1699'da karanlık bir Kasım gününde Paris'te gün ışığını gördü: Jean Siméon Chardin. Saint-Germain-des-Prés'in bohem semtinde bir marangoz ustasının en büyük oğlu olarak dünyaya geldi ve daha sonra babasının işini devralacaktı. Buna göre bir zanaat eğitimi aldı. Ancak çok kısa bir süre sonra gerçek mesleği, resim yeteneği ortaya çıktı. Bunu saklamayan babası bu nedenle onu 19 yaşında Pierre Jacques Cazes'e gönderdi. Ancak Chardin'in stüdyosunda öğretildiği yöntemler yetersizden daha fazlasıydı. Gravürlerden başka bir şeyi kopyalaması gerekmiyordu!
Genç adam, orada daha fazlasını umduğu için çıraklık eğitimine Noel-Nicolas-Coypel ile devam etmeye karar verdi. Chardin'in natürmortlara olan ilgisi sonunda onun sayesinde uyanmıştı. Yine de kendisine sadık kaldı ve zamanın üslubuyla sınırlamadı. Aksine, eserleri, açıklık ve alçakgönüllülük yoluyla ifade edilen özel bir bireysellik ile karakterize edildi. Kompozisyonlarının mükemmelliği onun için konuların kendisinden bile daha önemliydi.Pek az ressam resimlerine bu kadar çok hayat veremezdi. Uzak diyarlarda ilham almak için asla dolaşmak zorunda kalmadı. Chardin, esas olarak Fransız burjuvazisini temel aldığı tür resimleri ve natürmortlarıyla büyük ün kazandı. En yüksek mükemmellikte tamamlanan resimleri, benzersiz bir konsantrasyon ve sakinlik yayıyor. Ayrıca birkaç yıl sonra Paris Akademisi'ne sözde hayvan ve meyve ressamı olarak kabul edildi ve Luka Loncası'na üye oldu. 1731'de Chardin nihayet 1724'te tanıştığı Marguerite Saintard ile evlenebildi. Chardin'in mali durumunun kötü olması nedeniyle düğün, yıllar önce ertelenmişti. Ama şimdi bile ikisinin cömert bir çeyizi yoktu. Bunun yerine Chardin, Fransız bir Rokoko ressamı olan Jean-Baptiste van Loo ile bulduğu başka bir gelir kaynağı aramak zorunda kaldı. Onun için Chardin, Francesco Primaticcio'nun eserlerini restore etmek zorunda kaldı. Ancak 1735'te Chardin'in iki çocuğu (Jean-Pierre ve Maguerite-Agnès) olan karısı öldü.

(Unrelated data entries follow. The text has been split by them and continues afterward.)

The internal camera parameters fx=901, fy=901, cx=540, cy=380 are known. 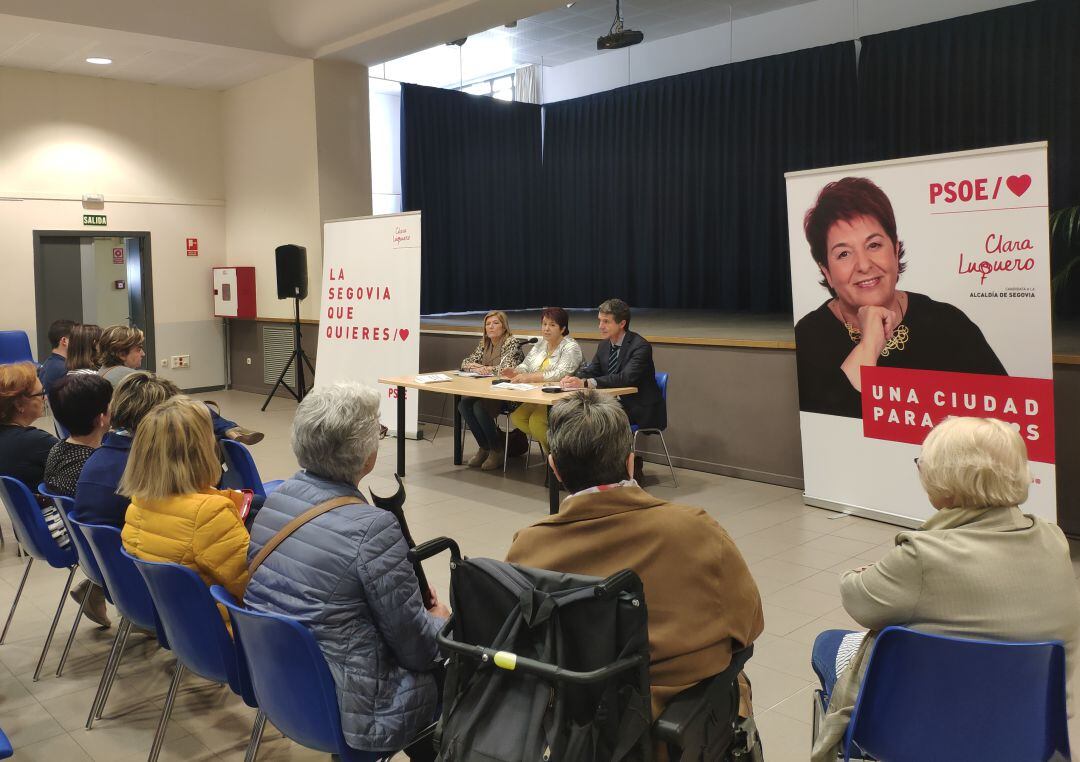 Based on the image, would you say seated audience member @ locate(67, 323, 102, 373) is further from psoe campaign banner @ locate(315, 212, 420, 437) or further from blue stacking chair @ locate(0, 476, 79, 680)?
psoe campaign banner @ locate(315, 212, 420, 437)

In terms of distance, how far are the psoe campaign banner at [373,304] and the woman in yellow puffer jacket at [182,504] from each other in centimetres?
434

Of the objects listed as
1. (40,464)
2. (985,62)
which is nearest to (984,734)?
(40,464)

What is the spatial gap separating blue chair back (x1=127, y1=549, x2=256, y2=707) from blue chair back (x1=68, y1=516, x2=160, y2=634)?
0.18 m

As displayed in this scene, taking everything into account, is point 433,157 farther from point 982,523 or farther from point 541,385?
point 982,523

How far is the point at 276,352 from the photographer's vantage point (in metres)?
9.60

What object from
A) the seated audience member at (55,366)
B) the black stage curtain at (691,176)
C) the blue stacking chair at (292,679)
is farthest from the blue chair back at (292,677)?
the black stage curtain at (691,176)

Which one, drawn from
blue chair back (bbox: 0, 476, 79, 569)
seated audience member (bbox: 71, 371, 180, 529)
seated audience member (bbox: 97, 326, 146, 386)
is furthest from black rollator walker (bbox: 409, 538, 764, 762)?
seated audience member (bbox: 97, 326, 146, 386)

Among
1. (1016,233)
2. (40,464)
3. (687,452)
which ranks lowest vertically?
(687,452)

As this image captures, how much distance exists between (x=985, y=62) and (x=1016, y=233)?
623 centimetres

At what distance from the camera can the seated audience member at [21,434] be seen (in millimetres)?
3381

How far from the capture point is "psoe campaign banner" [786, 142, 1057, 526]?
155 inches

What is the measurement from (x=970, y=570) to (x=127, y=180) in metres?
9.50

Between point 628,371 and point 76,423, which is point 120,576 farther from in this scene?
point 628,371

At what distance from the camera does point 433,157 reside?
11.9m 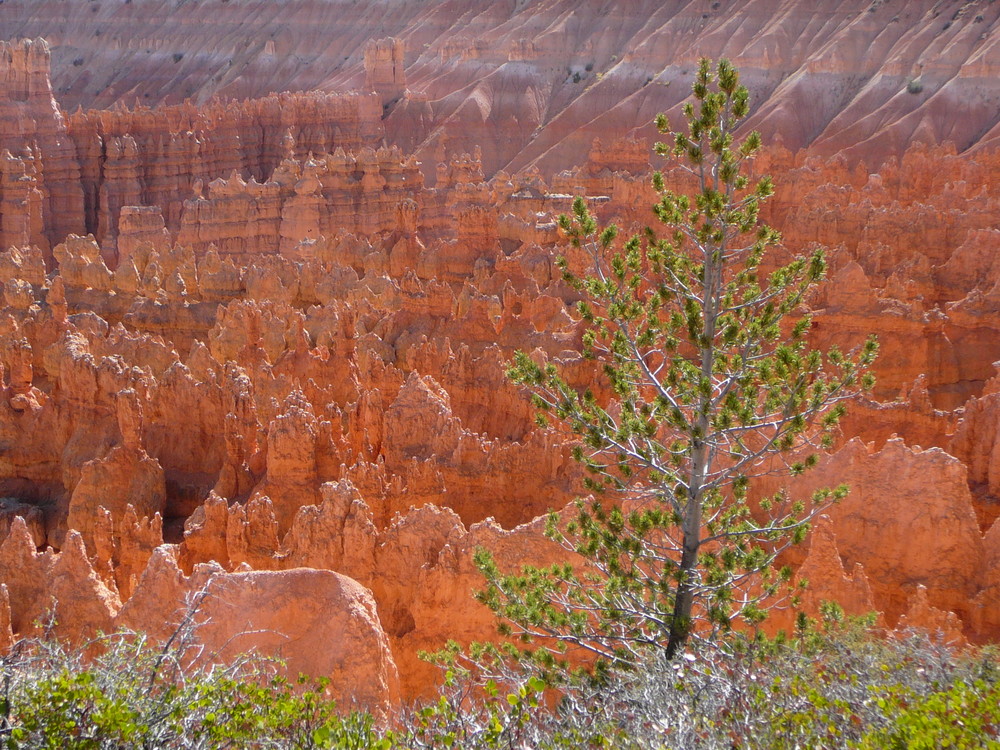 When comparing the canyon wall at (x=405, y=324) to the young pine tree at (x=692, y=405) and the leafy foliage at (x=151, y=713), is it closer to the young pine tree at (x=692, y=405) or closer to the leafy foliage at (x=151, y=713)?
the leafy foliage at (x=151, y=713)

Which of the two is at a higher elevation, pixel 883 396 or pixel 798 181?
pixel 798 181

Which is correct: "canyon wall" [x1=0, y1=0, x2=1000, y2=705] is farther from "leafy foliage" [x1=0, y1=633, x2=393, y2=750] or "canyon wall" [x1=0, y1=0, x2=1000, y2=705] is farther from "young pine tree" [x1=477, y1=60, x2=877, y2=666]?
"young pine tree" [x1=477, y1=60, x2=877, y2=666]

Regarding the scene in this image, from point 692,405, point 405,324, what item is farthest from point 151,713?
point 405,324

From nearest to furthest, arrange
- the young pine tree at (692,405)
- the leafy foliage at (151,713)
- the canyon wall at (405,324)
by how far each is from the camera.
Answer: the leafy foliage at (151,713)
the young pine tree at (692,405)
the canyon wall at (405,324)

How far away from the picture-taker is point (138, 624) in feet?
32.1

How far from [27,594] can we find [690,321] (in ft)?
26.5

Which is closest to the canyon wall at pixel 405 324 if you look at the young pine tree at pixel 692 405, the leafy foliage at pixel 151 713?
the leafy foliage at pixel 151 713

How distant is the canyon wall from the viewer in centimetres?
1091

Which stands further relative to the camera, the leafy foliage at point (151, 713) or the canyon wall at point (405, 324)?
the canyon wall at point (405, 324)

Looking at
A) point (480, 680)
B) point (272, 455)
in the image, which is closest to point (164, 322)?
point (272, 455)

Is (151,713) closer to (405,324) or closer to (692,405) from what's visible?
(692,405)

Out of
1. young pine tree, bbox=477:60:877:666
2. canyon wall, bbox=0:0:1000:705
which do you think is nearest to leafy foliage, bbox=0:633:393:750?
canyon wall, bbox=0:0:1000:705

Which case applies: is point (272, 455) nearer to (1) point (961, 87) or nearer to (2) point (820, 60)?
(1) point (961, 87)

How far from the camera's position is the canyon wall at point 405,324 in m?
10.9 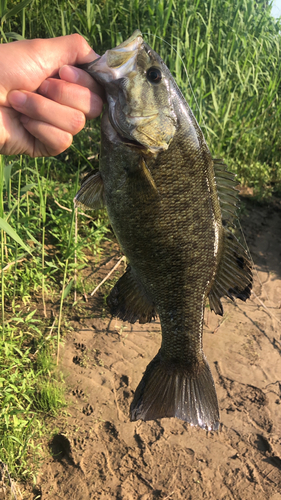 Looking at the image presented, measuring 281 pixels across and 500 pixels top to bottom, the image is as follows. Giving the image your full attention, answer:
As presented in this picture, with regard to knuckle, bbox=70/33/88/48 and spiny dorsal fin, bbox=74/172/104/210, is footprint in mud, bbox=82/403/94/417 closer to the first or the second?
spiny dorsal fin, bbox=74/172/104/210

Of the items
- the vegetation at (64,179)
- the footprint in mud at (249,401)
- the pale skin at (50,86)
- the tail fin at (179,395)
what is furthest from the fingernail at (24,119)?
the footprint in mud at (249,401)

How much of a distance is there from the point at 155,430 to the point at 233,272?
176cm

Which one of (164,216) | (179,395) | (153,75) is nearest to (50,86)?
(153,75)

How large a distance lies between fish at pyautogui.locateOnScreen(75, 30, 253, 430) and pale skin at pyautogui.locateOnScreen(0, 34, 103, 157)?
0.21 feet

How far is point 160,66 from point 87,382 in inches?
96.3

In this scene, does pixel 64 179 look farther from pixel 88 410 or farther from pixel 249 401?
pixel 249 401

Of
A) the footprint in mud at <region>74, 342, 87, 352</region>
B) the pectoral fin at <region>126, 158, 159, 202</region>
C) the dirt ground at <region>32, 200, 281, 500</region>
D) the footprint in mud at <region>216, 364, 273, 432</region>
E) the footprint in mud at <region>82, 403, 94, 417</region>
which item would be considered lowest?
the footprint in mud at <region>216, 364, 273, 432</region>

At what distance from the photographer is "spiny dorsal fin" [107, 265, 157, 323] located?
1.74 m

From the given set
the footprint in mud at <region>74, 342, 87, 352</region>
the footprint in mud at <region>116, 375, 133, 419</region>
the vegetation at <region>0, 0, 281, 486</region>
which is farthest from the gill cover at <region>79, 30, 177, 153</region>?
the footprint in mud at <region>74, 342, 87, 352</region>

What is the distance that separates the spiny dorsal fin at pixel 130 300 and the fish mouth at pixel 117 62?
0.79 meters

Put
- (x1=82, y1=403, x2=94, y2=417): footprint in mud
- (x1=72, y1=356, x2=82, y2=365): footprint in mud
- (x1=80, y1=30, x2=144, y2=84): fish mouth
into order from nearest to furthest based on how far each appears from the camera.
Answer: (x1=80, y1=30, x2=144, y2=84): fish mouth → (x1=82, y1=403, x2=94, y2=417): footprint in mud → (x1=72, y1=356, x2=82, y2=365): footprint in mud

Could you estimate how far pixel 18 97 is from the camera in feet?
4.78

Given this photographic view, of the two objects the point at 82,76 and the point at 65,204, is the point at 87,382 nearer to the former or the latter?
the point at 65,204

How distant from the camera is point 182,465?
2668 millimetres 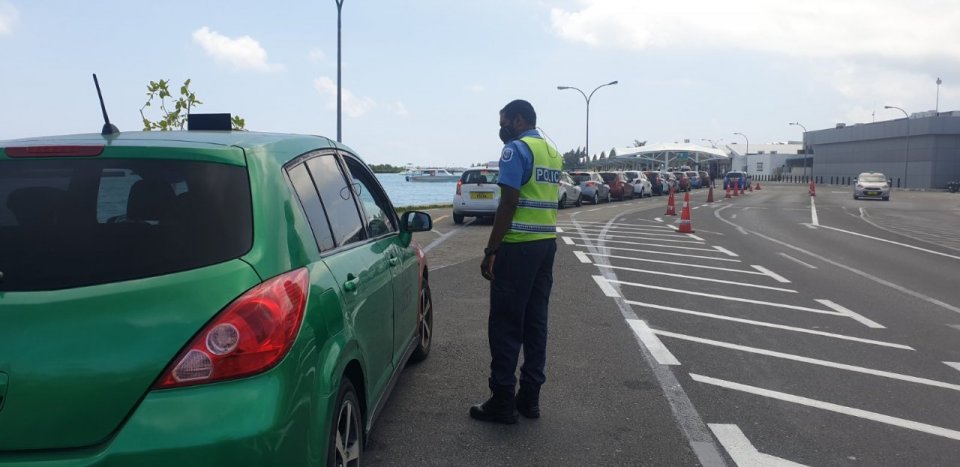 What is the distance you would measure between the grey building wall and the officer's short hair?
73321mm

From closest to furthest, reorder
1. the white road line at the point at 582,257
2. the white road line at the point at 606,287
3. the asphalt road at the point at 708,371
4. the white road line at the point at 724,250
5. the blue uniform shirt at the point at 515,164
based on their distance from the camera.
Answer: the asphalt road at the point at 708,371 → the blue uniform shirt at the point at 515,164 → the white road line at the point at 606,287 → the white road line at the point at 582,257 → the white road line at the point at 724,250

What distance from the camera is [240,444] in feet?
7.41

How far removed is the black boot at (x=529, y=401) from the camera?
14.8ft

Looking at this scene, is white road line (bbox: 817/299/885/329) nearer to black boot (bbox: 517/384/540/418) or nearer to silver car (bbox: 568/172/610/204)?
black boot (bbox: 517/384/540/418)

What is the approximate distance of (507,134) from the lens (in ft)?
14.9

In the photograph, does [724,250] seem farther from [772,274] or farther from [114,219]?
[114,219]

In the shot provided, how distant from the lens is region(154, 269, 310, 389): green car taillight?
228cm

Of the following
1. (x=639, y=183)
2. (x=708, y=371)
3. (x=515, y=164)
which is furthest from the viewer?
(x=639, y=183)

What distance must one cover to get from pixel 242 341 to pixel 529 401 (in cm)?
248

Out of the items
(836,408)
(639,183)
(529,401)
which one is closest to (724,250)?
(836,408)

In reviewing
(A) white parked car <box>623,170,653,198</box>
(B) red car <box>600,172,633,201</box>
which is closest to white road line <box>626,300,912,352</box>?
(B) red car <box>600,172,633,201</box>

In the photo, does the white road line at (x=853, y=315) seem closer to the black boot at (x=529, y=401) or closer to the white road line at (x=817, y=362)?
the white road line at (x=817, y=362)

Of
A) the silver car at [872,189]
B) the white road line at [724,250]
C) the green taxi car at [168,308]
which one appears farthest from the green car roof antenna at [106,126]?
the silver car at [872,189]

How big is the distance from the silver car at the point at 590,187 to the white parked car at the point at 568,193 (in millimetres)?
1167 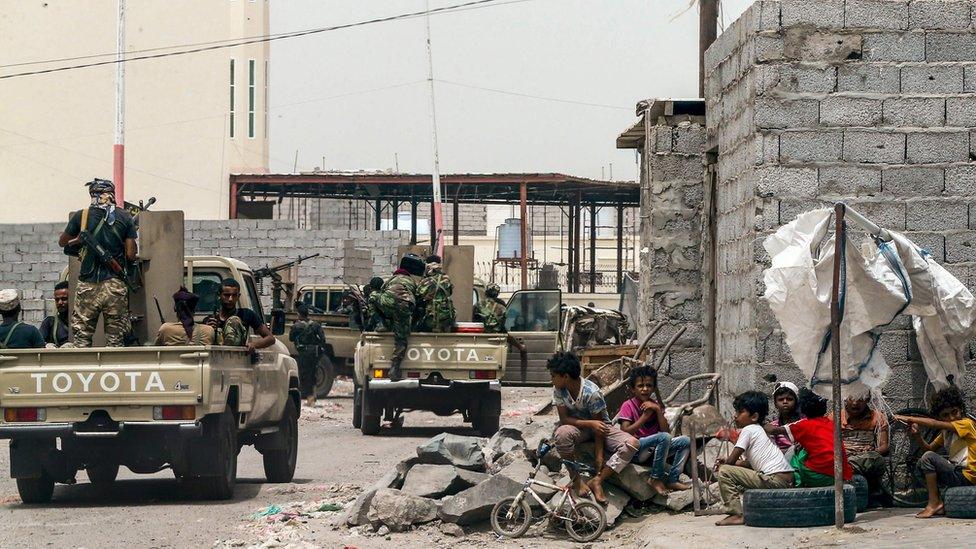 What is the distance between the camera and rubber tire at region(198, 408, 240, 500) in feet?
37.9

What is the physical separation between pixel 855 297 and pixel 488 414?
9300mm

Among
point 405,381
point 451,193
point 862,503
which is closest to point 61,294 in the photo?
point 405,381

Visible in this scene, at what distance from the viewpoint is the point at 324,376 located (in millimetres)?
25281

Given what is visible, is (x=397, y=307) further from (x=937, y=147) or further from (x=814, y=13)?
(x=937, y=147)

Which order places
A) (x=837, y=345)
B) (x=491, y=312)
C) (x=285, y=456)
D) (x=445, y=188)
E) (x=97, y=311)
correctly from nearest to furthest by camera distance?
(x=837, y=345) < (x=97, y=311) < (x=285, y=456) < (x=491, y=312) < (x=445, y=188)

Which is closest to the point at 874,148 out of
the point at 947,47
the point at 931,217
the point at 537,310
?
the point at 931,217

Jean Siméon Chardin ileri yaşta safra yollarıyla ilgili sorunlardan muzdarip olmadan ve görme yeteneği bozulmadan önce, hem burjuvazi hem de Kral XV. Louis yüzünden mali durumu temelden değişmişti. Artık müşterileri arasındaydı ve Marguerite Pouget ile olan evliliği gelişmeye devam etti. Louvre'da bir daireye taşınabildi ve kraldan sabit bir emekli maaşı aldı. Aynı zamanda akademinin saymanı oldu. Sağlık sorunları nedeniyle şimdi pastel boyamaya başladı. Buna rağmen iş sayısı azaldı, rakipleri giderek onun görevlerini devraldı ve maaşı daraldı. Sonunda, 1779'da Chardin neredeyse kördü ve Paris'te öldü.